In all that time, she's had only 12 complaints. And, her opt-out rate is practically nil.
“I'm very proud of that. Our customers really want to hear what we have to tell them,” said Barone, CEO of Smithtown, NY-based Uniquely Me.
The newsletter reads like a community site, with submissions from readers and a column from a plus-size actress and model detailing her bi-coastal jet-setting, as well as promotions.
Though she doesn't yet track conversion rates, e-newsletter recipients deliver a phenomenal 20% clickthrough to the Web site, according to Uniquely Me's e-mail provider Mindshare Design Inc.

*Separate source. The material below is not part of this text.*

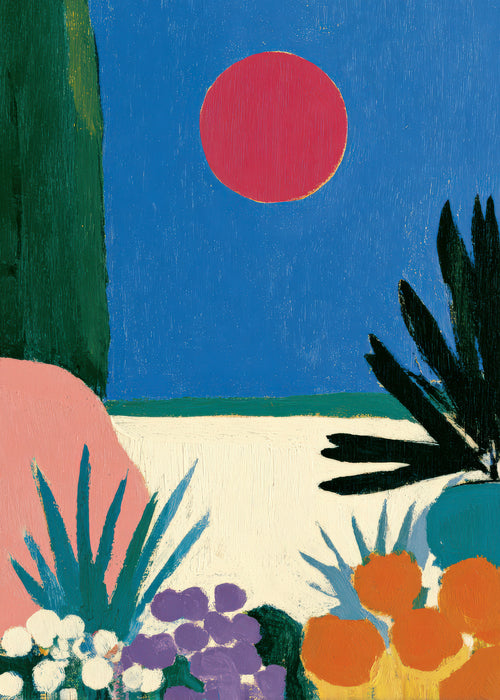 Red Moon Garden - Unframed art print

“When you build your list responsibly and cater to the actual needs of your customers, you get a higher open rate and a lower churn rate,” said Ted Bernard, head of the standards and practices department at Mindshare. The San Francisco company believes so strongly in the future of opt-in that it refuses to take on a client unless they follow the same acquisition procedures as Barone.
The house file is so responsive that Barone has added two more Web sites for women size 12 or larger, based on what customers and other visitors to the site tell her.
“We get over 1 million hits a month on all three sites,” Barone said. “Just for uniquelyme.com, on a monthly basis, more than 85% are return users.”
She won't reveal revenue, but said she did “as much business in the first 60 days of 2002 as in all of 2001.”
Barone sees much opportunity. In 2001, more than one-third of American women (36.8%) purchased a size 14 or larger, according to market research firm NPD Group.
“These women want cute stuff so badly…instead of grandma clothes,” Barone said. “There are a lot of designers out there for this market, but consumers can't find them.”
Now Barone is trying to remedy that.
Uniquelyme.com is a portal for other merchants of plus-size clothing. Barone collects the top fashions for each type of apparel on Web pages so visitors who are looking for, say, swimsuits, can click on the photograph of the suit they like and go straight to the Web site that carries it. J.Jill, Coldwater Creek, Nordstrom, Spiegel Shop4U and Zaftique, among dozens of others, place a button on the Uniquelyme.com home page that clicks to their Web sites. They pay Uniquely Me a commission of between 5% and 20% on each sale.
Visitors flocked to the button that asked their opinion about the offerings. Some 10% also routinely respond to profiles and surveys asking their size, what items comprise their wardrobe, what specific clothing they are searching for, how much they want to pay, their age, profession and annual income.
In April 2001, Barone and her sister, co-owner Cheryl Anderson, who runs the call center, warehouse and other operations from Edwardsville, IL, debuted Alwaysforme.com, an e-commerce site featuring items customers told them were the hardest to locate: bras and panties, lingerie, swimwear, social occasion and daytime dresses and a few business suits.
Barone contacted designers and manufacturers to produce the garments customers clamored for. “We found out from our surveys what styles they wanted and what they wanted to pay, and ordered [what] we needed,” Barone said. “We will never be a department store on the Web. We will cater to what our women say are hard to find.”
Last March, the partners started Plussizeliving.com, where plus-size businesses — retailers, designers, manufacturers and entrepreneurs — can market through the site. They pay to advertise. In September, a catalog-listing program rolled out on plussizeliving.com, in which customers go through a five-step process and complete a profile to order a catalog. “If customers go that far, they really want your catalog,” Barone pointed out.
Since Barone doesn't rent e-mail lists, she drives people to her sites with search engine marketing. By optimizing over 100 plus-size terms on her sites, Uniquelyme.com comes up high on the list of search results at Yahoo! and Google.